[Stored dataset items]

....

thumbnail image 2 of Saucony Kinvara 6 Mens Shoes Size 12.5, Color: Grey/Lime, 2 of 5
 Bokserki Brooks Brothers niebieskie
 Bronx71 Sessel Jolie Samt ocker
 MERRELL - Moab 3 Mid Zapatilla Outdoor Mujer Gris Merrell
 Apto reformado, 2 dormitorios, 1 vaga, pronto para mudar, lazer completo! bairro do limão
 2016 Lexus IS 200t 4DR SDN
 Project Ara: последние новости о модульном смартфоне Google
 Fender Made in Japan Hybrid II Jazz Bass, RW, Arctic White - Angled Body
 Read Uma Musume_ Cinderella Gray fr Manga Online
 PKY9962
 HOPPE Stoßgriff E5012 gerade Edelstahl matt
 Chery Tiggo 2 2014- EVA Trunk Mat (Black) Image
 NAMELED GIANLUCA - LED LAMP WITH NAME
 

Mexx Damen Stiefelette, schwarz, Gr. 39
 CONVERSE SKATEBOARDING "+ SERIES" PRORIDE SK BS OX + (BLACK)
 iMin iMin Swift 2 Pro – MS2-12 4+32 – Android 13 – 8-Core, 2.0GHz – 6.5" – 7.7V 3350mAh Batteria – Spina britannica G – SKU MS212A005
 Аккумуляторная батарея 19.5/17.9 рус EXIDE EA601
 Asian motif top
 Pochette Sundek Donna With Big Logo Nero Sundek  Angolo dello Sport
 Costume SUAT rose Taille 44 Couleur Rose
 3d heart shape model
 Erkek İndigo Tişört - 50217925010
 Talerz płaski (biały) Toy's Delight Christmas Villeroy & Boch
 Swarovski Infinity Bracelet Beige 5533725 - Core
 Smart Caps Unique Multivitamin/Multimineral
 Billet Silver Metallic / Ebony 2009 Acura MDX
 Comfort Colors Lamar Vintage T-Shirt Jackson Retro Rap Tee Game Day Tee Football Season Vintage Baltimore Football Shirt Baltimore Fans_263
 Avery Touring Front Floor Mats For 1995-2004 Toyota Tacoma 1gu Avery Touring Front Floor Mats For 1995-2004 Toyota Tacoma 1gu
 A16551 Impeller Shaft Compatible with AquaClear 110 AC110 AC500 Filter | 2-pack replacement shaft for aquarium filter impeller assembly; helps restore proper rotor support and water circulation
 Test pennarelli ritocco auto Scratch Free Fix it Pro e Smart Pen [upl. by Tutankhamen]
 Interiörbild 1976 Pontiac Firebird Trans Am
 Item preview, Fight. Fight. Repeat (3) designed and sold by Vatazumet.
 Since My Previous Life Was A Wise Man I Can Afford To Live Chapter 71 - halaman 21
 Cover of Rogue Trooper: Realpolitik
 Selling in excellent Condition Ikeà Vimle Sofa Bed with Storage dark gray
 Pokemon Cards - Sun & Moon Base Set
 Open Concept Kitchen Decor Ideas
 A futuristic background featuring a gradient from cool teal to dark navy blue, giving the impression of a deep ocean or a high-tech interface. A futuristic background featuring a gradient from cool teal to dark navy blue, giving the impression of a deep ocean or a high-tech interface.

....

> PROBLEM DETAILS
Show, from the records above, every line that includes "Smart".

> EXPECTED OUTPUT
 Smart Caps Unique Multivitamin/Multimineral
 Test pennarelli ritocco auto Scratch Free Fix it Pro e Smart Pen [upl. by Tutankhamen]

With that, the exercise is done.